=== PROVIDED INFORMATION ===
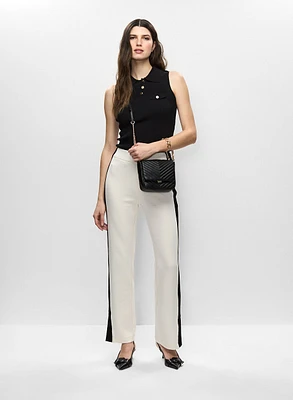 Pull sans manches et pantalon à bandes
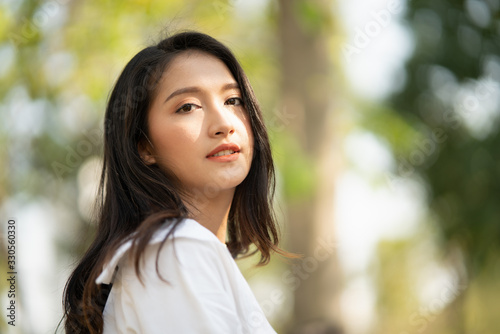 Portrait of young Asian woman wearing the white shirt in casual style smiling and enjoy life in the natural sunlight in the park, Relaxing moment, enjoying the nature, mindful and feel the fresh are.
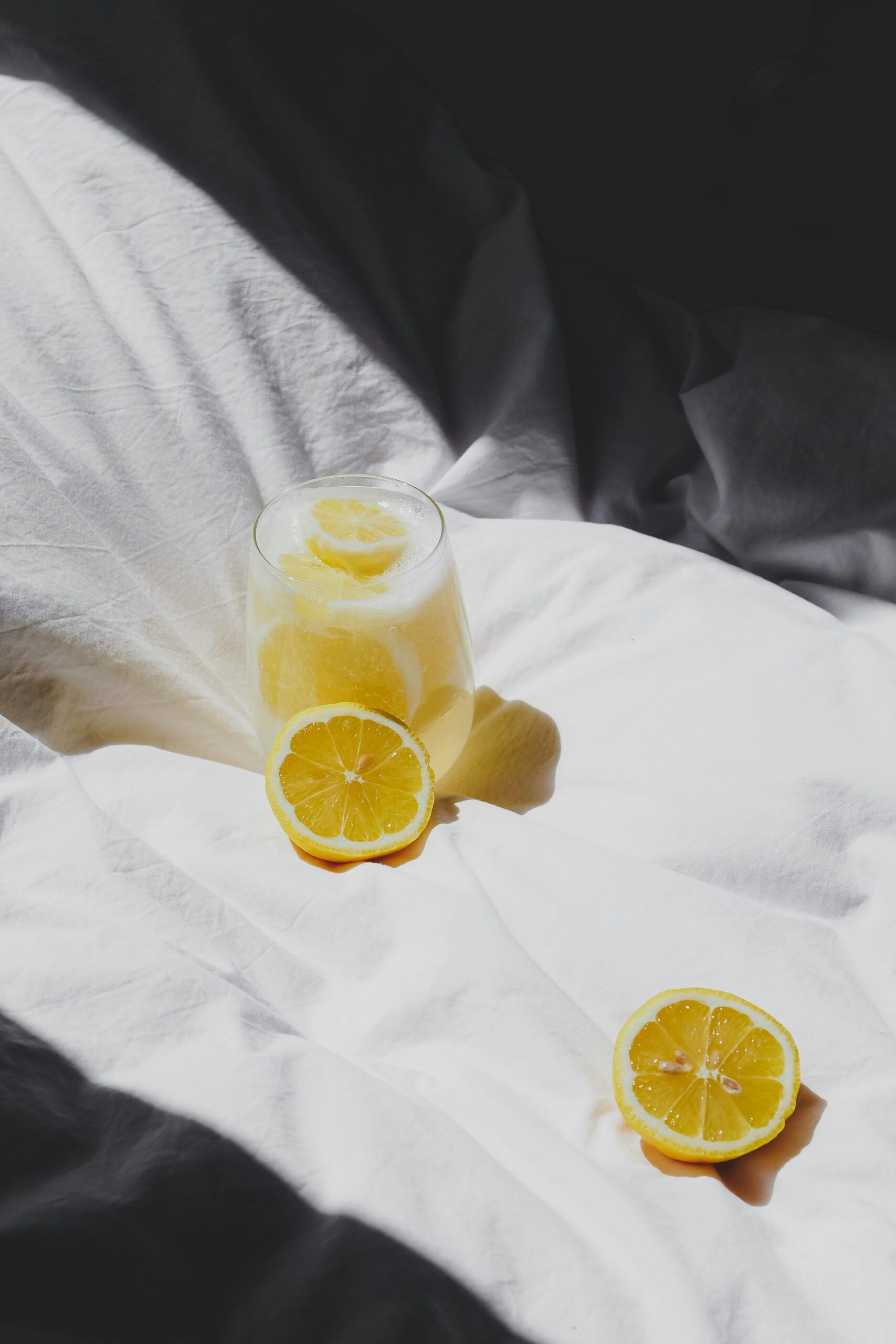 A glass of lemonade on a white fabric with two lemon halves nearby, illuminated by natural light.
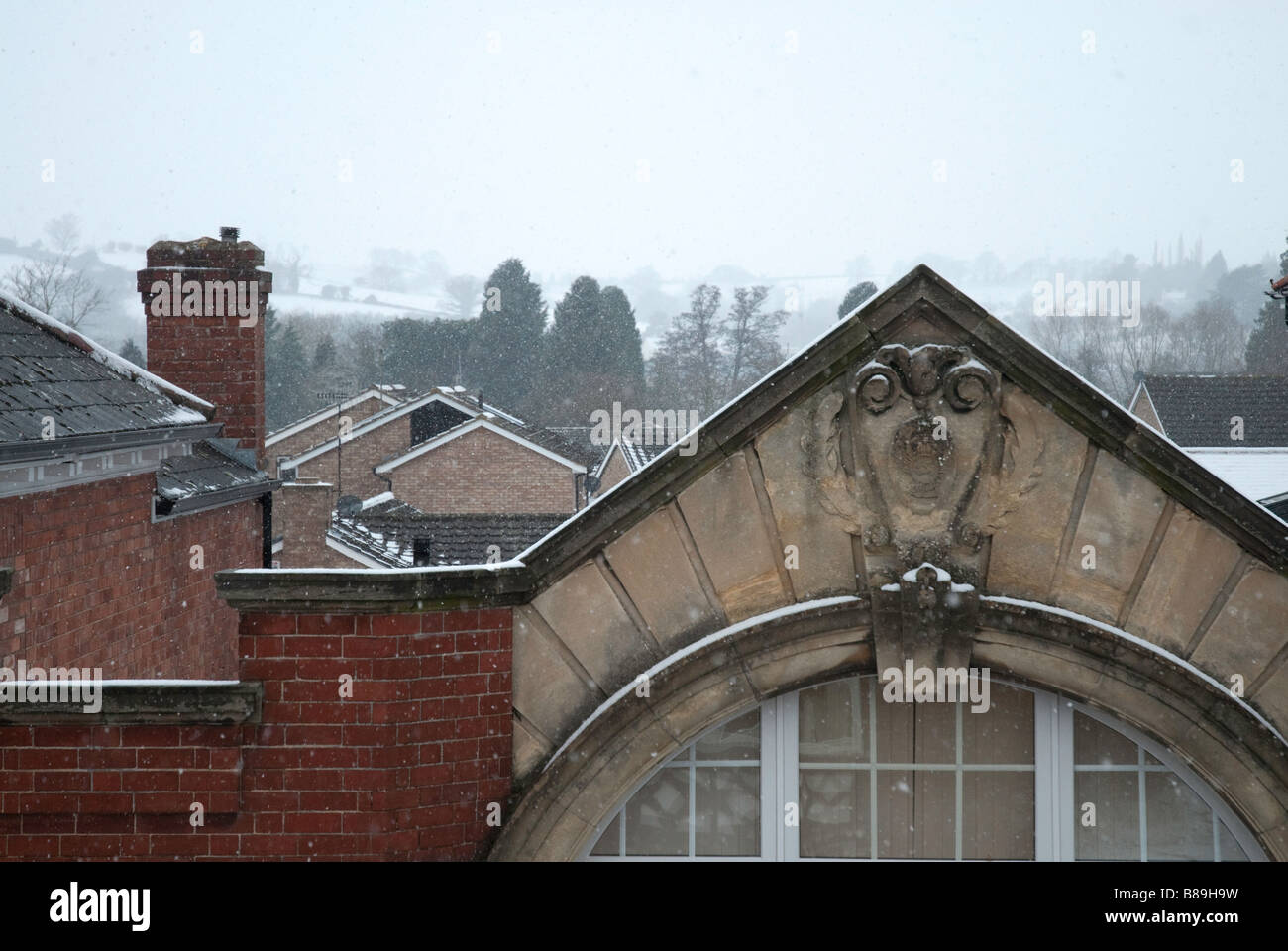 Wintery rooftop scene in the snow Stock Photo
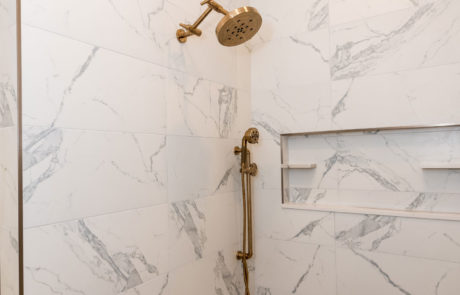 White and gray marble style shower space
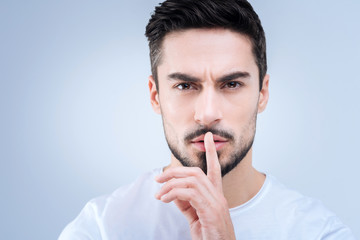 Quiet. Calm professional young teacher pressing his finger to the lips while asking his pupils to be quiet at the lesson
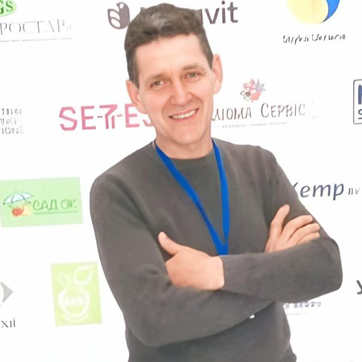 Підприємець Іван Дегтяр на фоні виставочного банеру з різними логотипами.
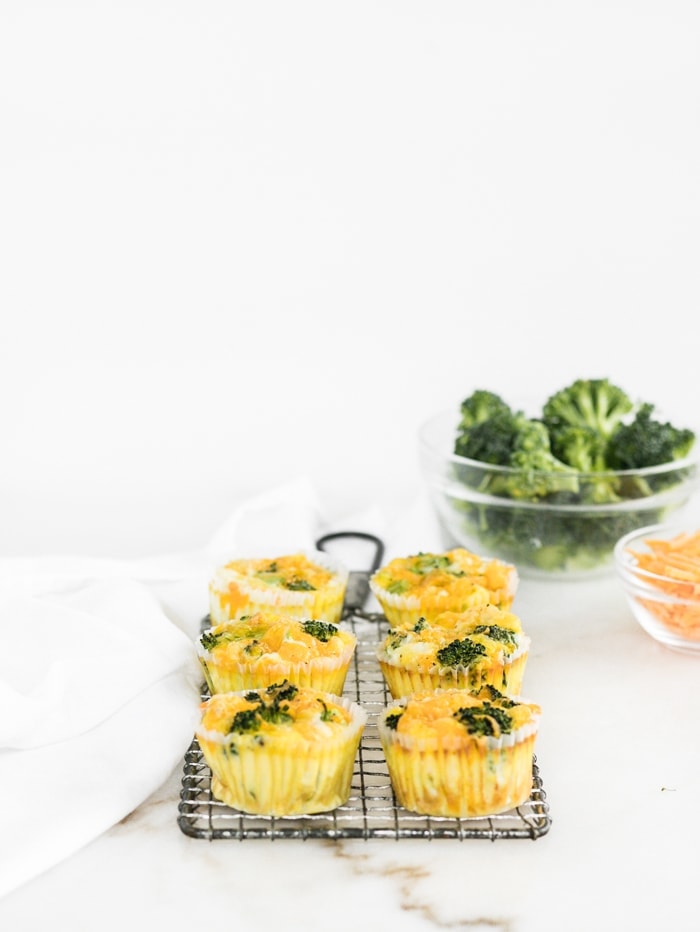 Broccoli Cheddar Egg Muffins on a wire cooling rack with a bowl of broccoli and a bowl of cheese in the background.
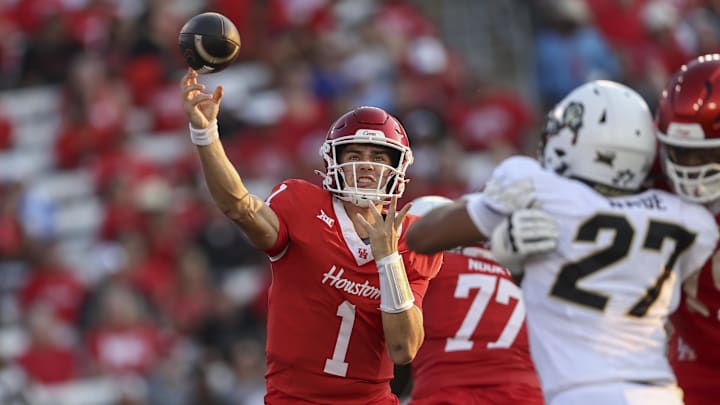 Sep 12, 2025; Houston, Texas, USA; Houston Cougars quarterback Conner Weigman (1) attempts a pass during the first quarter against the Colorado Buffaloes at TDECU Stadium. Mandatory Credit: Troy Taormina-Imagn Images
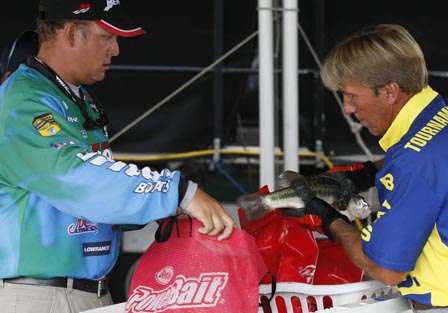 Kurt Dove has his fish checked by BASS official Chris Bath.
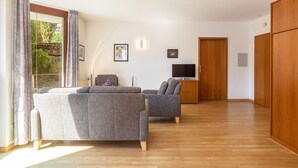 Amplia sala de estar con sofá, sillón y mueble para televisión, suelo de madera y puerta corredera.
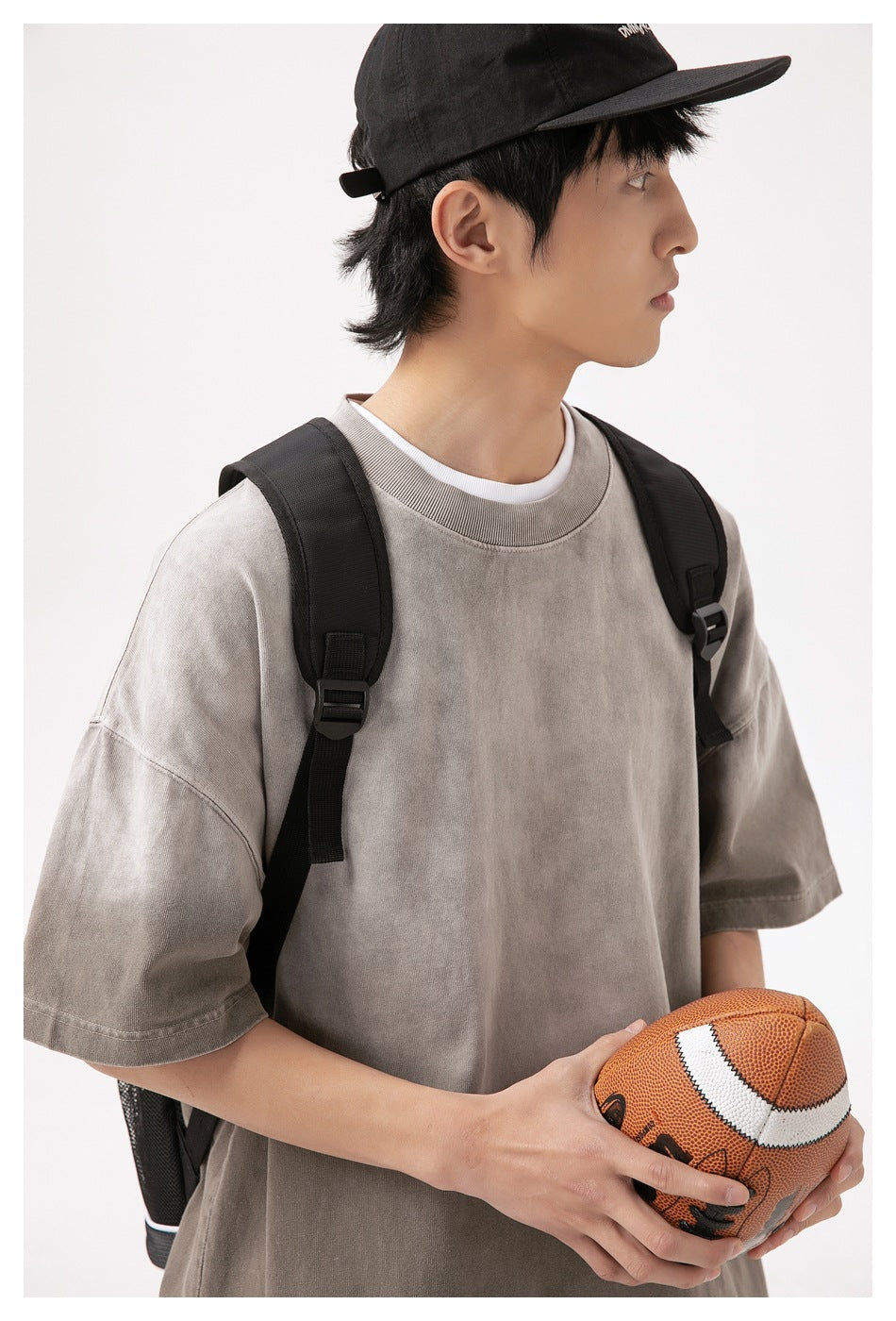 Close view of a model wearing an oversized taupe-gray T-shirt with a ribbed crew neck.
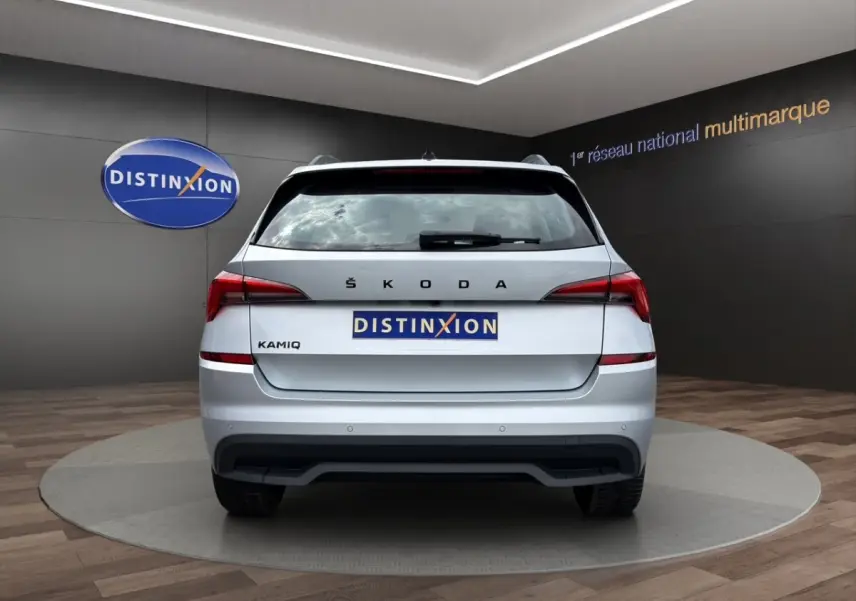 Vue 3/4 arrière droite d'un Skoda Kamiq gris clair avec jantes bi-ton et caméra de recul en showroom.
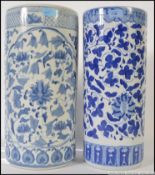 A large Chinese blue and white floor vase / umbrella stand together with another similar ( see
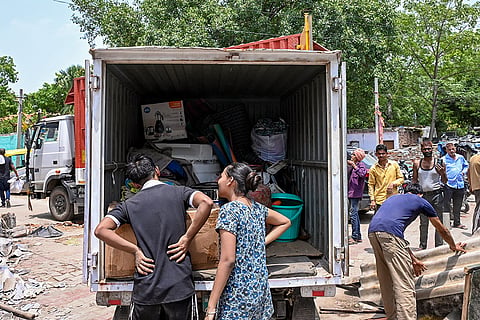 People transport their belongings amid a demolition drive in slum clusters near the Race Course in Lutyens' Delhi following a Delhi High Court order to clear the area and ensure the rehabilitation of residents.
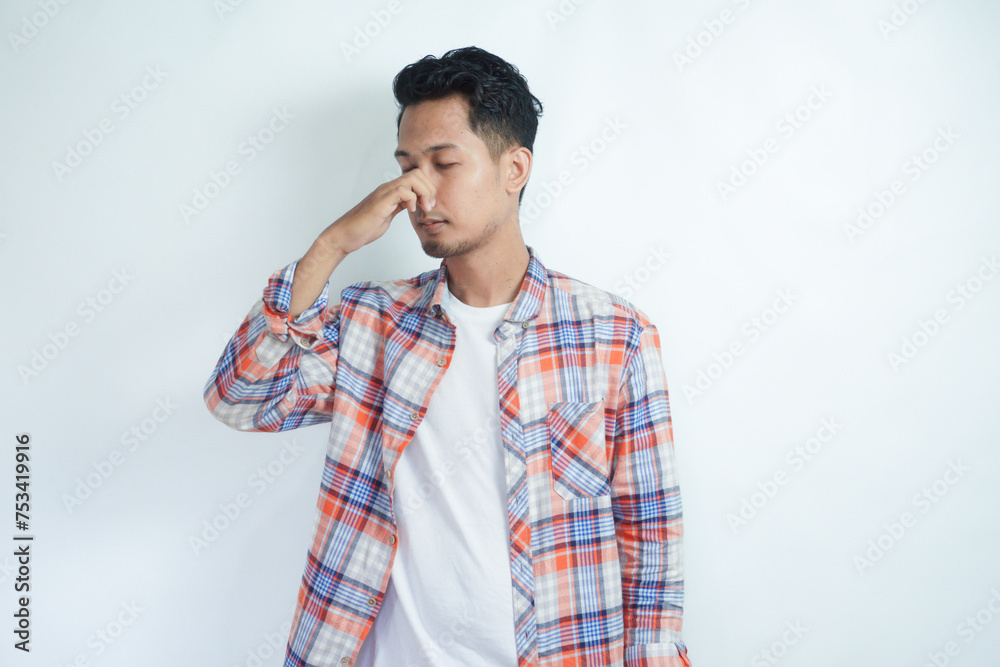 Adult Asian man closed his nose with hand when smell something bad Adult Asian man closed his nose with hand when smell something bad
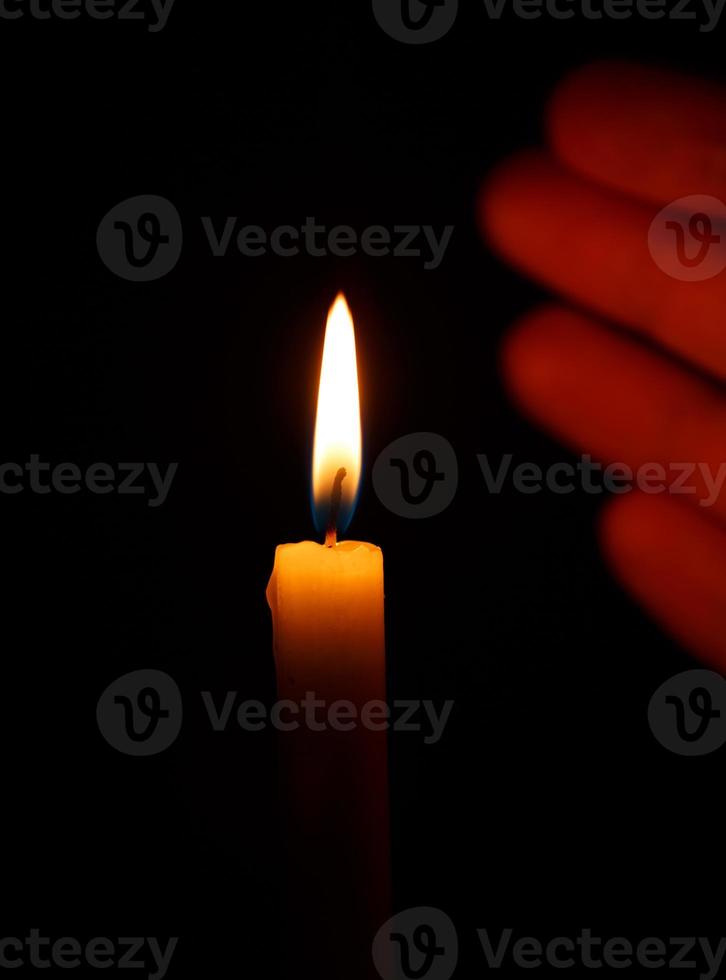 Hand protects the flame of a burning candle on a black photo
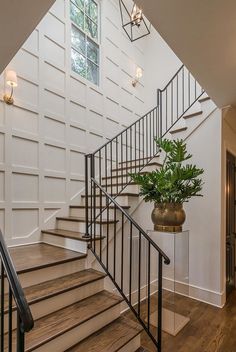 a plant is sitting on the stairs in this house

=== TASK BRIEF ===
Reproduce all the material exactly, omitting images.

=== RESPONSE BOX ===
 Pull sans manches et pantalon à bandes
 Portrait of young Asian woman wearing the white shirt in casual style smiling and enjoy life in the natural sunlight in the park, Relaxing moment, enjoying the nature, mindful and feel the fresh are.
 A glass of lemonade on a white fabric with two lemon halves nearby, illuminated by natural light.
 Wintery rooftop scene in the snow Stock Photo
 White and gray marble style shower space
 Quiet. Calm professional young teacher pressing his finger to the lips while asking his pupils to be quiet at the lesson
 Підприємець Іван Дегтяр на фоні виставочного банеру з різними логотипами.
 Broccoli Cheddar Egg Muffins on a wire cooling rack with a bowl of broccoli and a bowl of cheese in the background.
 Sep 12, 2025; Houston, Texas, USA; Houston Cougars quarterback Conner Weigman (1) attempts a pass during the first quarter against the Colorado Buffaloes at TDECU Stadium. Mandatory Credit: Troy Taormina-Imagn Images
 Kurt Dove has his fish checked by BASS official Chris Bath.
 Amplia sala de estar con sofá, sillón y mueble para televisión, suelo de madera y puerta corredera.
 Close view of a model wearing an oversized taupe-gray T-shirt with a ribbed crew neck.
 Vue 3/4 arrière droite d'un Skoda Kamiq gris clair avec jantes bi-ton et caméra de recul en showroom.
 A large Chinese blue and white floor vase / umbrella stand together with another similar ( see
 People transport their belongings amid a demolition drive in slum clusters near the Race Course in Lutyens' Delhi following a Delhi High Court order to clear the area and ensure the rehabilitation of residents.
 Adult Asian man closed his nose with hand when smell something bad Adult Asian man closed his nose with hand when smell something bad
 Hand protects the flame of a burning candle on a black photo
 a plant is sitting on the stairs in this house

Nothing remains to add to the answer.